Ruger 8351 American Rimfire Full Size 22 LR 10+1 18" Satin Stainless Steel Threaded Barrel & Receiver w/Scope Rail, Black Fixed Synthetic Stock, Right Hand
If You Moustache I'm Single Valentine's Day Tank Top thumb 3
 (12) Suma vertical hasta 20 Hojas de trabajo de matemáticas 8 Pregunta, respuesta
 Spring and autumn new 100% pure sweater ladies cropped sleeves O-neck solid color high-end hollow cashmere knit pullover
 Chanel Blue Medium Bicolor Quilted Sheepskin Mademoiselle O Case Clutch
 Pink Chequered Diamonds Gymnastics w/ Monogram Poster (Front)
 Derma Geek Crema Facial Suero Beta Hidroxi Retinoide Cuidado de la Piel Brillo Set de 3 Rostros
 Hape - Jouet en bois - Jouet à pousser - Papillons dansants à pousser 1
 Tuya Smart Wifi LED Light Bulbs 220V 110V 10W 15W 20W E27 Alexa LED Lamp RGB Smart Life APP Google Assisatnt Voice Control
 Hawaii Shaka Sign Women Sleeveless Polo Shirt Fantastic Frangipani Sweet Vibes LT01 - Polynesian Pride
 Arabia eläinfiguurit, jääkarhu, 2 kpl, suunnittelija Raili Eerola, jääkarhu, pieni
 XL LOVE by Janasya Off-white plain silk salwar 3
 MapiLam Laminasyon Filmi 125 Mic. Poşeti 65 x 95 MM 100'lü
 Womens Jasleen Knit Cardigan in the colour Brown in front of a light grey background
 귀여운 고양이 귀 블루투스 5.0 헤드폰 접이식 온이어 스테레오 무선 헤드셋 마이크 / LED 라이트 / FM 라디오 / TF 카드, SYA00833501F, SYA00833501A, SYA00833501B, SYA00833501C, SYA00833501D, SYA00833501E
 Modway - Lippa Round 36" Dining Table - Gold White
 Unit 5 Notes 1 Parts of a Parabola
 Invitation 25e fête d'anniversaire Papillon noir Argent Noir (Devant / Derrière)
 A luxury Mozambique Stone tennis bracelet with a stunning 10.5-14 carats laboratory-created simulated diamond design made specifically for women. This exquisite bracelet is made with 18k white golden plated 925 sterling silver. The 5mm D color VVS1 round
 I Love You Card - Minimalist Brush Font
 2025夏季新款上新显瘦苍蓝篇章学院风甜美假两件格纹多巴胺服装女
◇ ◇ ◇ ◇ ◇
Repeat exactly the lines of the listing above, from the one with "(12) Suma vertical" down to the one with "Pink Chequered Diamonds"; both of those lines belong in the range.

### Result of the exercise
 (12) Suma vertical hasta 20 Hojas de trabajo de matemáticas 8 Pregunta, respuesta
 Spring and autumn new 100% pure sweater ladies cropped sleeves O-neck solid color high-end hollow cashmere knit pullover
 Chanel Blue Medium Bicolor Quilted Sheepskin Mademoiselle O Case Clutch
 Pink Chequered Diamonds Gymnastics w/ Monogram Poster (Front)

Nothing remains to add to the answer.